Return only that part of the material below which starts with the line containing "Prywatny pokój 249" and goes on through the line containing "Cheerleader Socks - Best", restated exactly.

(Beginning of Data shown)

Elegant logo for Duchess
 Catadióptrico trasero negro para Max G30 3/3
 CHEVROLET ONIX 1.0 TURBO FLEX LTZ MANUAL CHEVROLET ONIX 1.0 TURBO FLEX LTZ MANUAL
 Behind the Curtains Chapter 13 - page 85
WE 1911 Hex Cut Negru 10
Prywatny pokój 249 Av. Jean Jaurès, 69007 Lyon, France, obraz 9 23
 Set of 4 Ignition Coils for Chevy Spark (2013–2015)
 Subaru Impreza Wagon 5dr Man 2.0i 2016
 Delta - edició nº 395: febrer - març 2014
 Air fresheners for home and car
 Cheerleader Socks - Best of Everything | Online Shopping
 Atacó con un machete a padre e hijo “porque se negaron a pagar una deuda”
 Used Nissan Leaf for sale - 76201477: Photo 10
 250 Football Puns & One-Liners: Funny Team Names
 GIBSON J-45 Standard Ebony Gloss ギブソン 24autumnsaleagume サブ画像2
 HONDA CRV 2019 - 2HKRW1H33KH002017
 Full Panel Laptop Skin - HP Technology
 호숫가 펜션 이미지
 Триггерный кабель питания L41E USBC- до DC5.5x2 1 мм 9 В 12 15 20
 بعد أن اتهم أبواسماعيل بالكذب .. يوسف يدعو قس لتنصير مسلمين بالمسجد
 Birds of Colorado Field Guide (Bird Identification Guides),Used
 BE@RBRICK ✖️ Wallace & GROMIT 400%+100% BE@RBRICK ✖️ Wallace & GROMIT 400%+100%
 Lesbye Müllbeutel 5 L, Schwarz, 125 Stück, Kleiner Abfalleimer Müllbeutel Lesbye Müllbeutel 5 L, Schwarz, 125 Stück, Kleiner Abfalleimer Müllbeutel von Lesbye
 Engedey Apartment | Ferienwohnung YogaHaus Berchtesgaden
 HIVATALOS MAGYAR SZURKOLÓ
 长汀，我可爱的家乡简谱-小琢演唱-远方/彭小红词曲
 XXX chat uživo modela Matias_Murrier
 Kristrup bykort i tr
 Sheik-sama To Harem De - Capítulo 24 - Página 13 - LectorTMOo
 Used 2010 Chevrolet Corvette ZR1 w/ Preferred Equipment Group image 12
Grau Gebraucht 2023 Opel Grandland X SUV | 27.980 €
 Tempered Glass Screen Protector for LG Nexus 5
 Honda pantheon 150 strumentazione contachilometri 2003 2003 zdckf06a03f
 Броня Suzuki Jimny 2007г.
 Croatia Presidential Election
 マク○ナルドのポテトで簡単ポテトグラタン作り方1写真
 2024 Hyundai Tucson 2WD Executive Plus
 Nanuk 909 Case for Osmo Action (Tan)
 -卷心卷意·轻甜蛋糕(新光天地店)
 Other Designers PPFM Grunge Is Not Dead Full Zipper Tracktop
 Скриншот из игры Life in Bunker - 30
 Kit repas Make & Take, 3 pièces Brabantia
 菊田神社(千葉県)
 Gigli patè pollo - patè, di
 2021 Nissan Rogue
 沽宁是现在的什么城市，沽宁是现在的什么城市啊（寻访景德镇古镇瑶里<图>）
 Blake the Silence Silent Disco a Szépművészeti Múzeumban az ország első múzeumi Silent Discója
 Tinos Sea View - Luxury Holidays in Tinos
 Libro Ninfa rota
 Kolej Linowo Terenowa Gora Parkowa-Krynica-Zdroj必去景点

(End of Data shown)

**Answer for this exercise**
Prywatny pokój 249 Av. Jean Jaurès, 69007 Lyon, France, obraz 9 23
 Set of 4 Ignition Coils for Chevy Spark (2013–2015)
 Subaru Impreza Wagon 5dr Man 2.0i 2016
 Delta - edició nº 395: febrer - març 2014
 Air fresheners for home and car
 Cheerleader Socks - Best of Everything | Online Shopping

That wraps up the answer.